TASK OBJECTIVE: Take the line that holds "this 446×320 image." and every line after it to the end of the entries, and repeat them exactly without the pictures.

DATA SECTION:
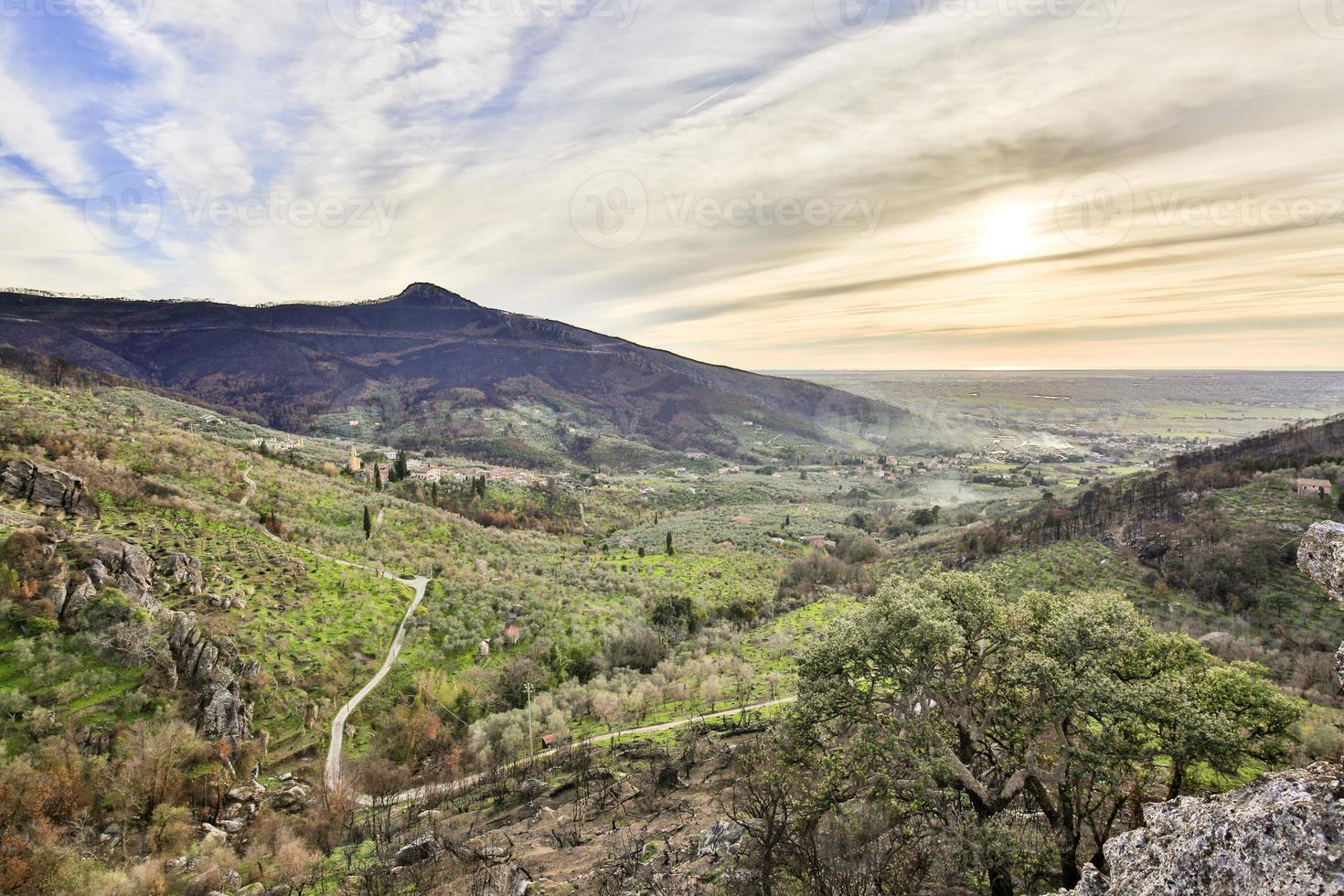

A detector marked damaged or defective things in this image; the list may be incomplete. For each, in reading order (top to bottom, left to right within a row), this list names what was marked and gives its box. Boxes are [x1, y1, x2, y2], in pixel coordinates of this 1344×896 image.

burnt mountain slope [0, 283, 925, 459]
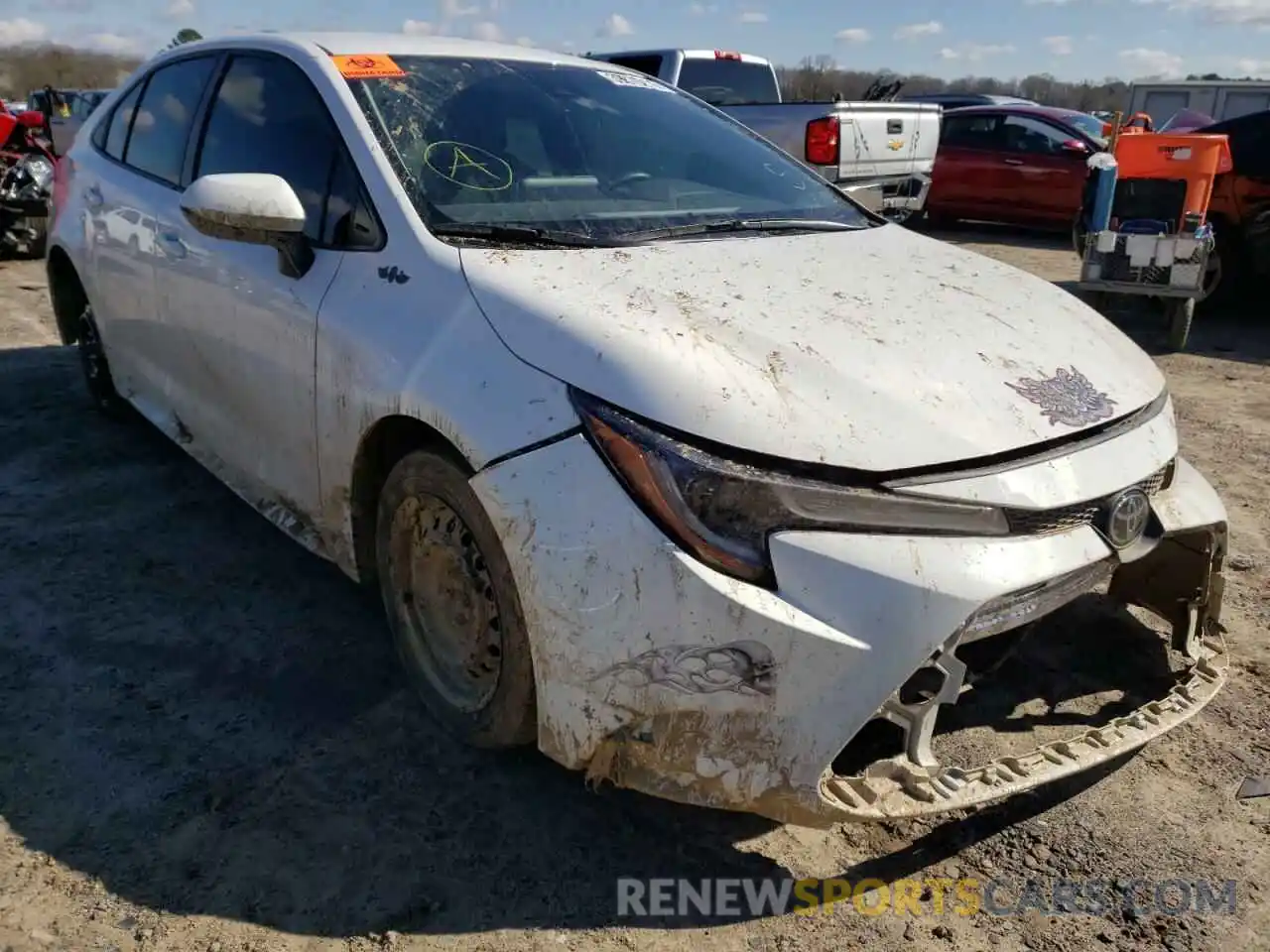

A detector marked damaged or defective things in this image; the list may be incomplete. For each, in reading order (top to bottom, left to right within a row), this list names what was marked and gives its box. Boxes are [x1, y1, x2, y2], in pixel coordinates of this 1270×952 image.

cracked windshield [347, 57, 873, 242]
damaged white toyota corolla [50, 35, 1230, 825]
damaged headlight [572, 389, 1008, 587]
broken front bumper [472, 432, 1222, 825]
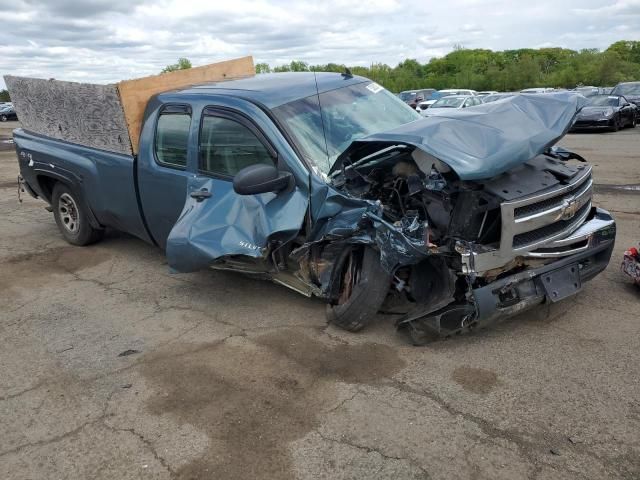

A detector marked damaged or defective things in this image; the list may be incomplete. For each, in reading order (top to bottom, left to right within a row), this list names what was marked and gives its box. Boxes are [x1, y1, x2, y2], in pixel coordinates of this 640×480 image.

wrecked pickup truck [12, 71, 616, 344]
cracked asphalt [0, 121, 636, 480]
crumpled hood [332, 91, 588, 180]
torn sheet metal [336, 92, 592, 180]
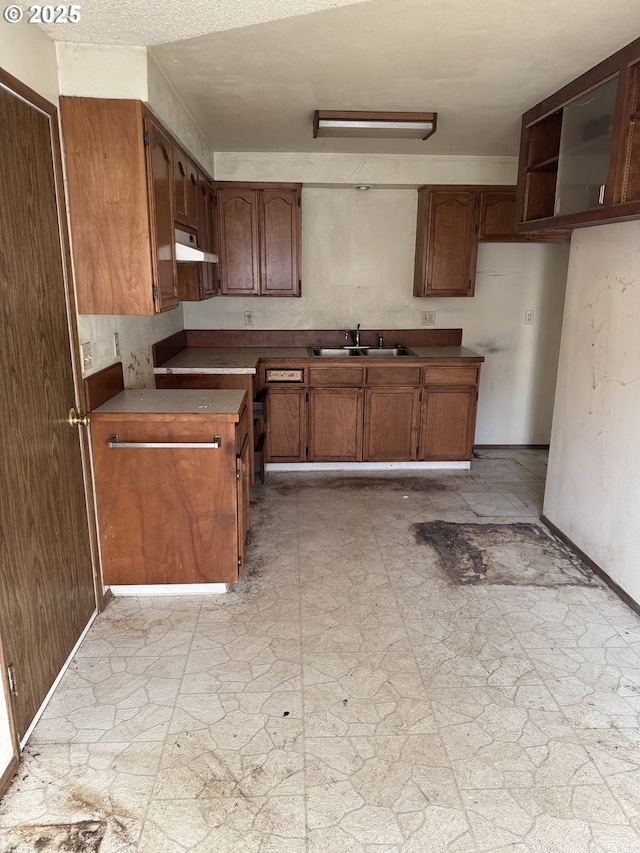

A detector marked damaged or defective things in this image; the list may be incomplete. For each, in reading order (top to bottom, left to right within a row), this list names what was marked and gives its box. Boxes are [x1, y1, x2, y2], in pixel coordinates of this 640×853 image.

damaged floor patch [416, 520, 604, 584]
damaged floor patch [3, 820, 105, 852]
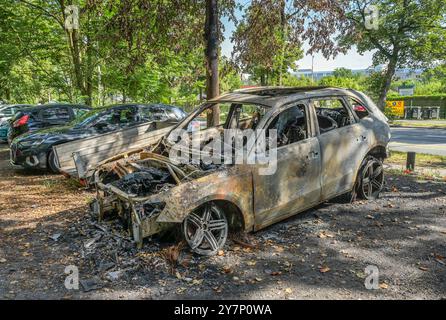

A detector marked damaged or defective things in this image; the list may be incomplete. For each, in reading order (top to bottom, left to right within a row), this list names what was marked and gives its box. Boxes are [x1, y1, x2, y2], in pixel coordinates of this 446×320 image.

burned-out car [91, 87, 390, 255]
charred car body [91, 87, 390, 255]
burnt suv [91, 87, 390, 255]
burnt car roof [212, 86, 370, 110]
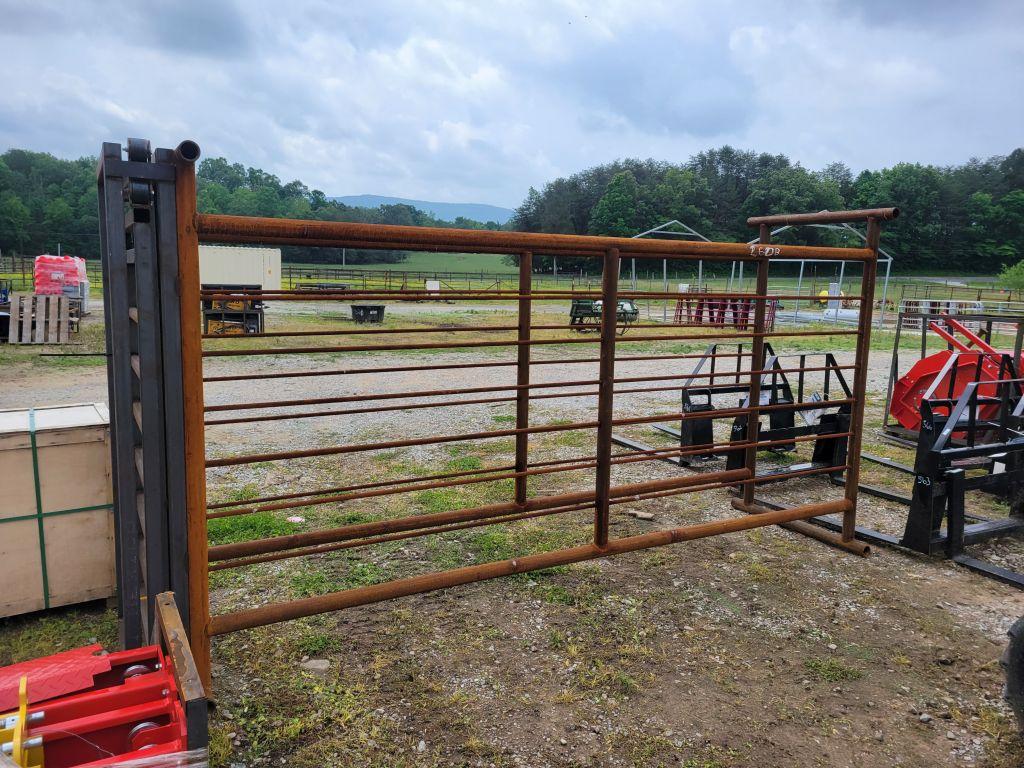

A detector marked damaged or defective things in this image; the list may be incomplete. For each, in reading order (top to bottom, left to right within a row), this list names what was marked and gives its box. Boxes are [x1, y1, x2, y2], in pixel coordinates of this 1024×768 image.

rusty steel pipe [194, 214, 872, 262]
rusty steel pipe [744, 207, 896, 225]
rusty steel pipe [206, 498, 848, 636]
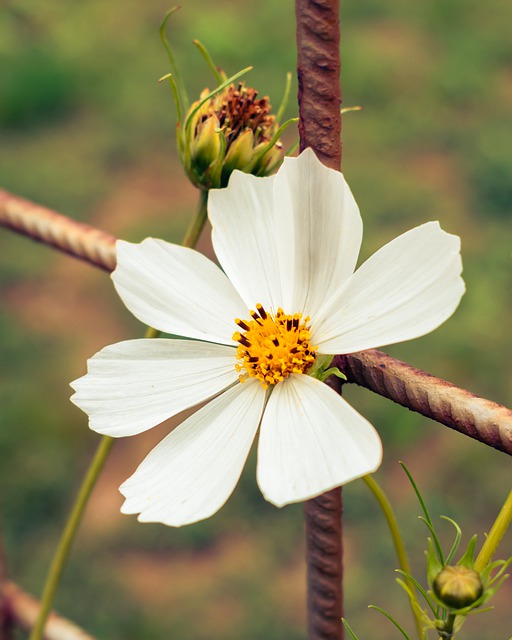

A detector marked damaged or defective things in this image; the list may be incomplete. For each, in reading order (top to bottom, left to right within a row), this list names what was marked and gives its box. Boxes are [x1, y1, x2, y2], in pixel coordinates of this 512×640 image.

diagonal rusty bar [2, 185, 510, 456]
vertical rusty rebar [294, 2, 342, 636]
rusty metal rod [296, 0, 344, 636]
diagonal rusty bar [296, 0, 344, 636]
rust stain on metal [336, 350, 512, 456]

ANSWER SPACE:
A detector marked damaged or defective things in this image; the list may be incomplete. For each, in reading order (top to bottom, left to right within a row), this list names what was marked and gives its box. Boxes are [x1, y1, x2, y2], in pixel coordinates of this 446×320 image.

burned-out car [91, 87, 390, 255]
charred car body [91, 87, 390, 255]
burnt suv [91, 87, 390, 255]
burnt car roof [212, 86, 370, 110]

A detector marked damaged or defective things in this image; the list may be incomplete. For each, in reading order (top to bottom, left to right within a row), this list names what was marked and gives its box. Boxes are [x1, y1, x2, y2], in pixel coordinates of this 1024×768 image.

rusty steel pipe [194, 214, 872, 262]
rusty steel pipe [744, 207, 896, 225]
rusty steel pipe [206, 498, 848, 636]

A detector marked damaged or defective things in this image; the list may be incomplete. For each, in reading order (top to bottom, left to right within a row), this list names what was marked and gives its box. Boxes are [x1, y1, x2, y2], in pixel coordinates of this 512×640 image.

diagonal rusty bar [2, 185, 510, 456]
vertical rusty rebar [294, 2, 342, 636]
rusty metal rod [296, 0, 344, 636]
diagonal rusty bar [296, 0, 344, 636]
rust stain on metal [336, 350, 512, 456]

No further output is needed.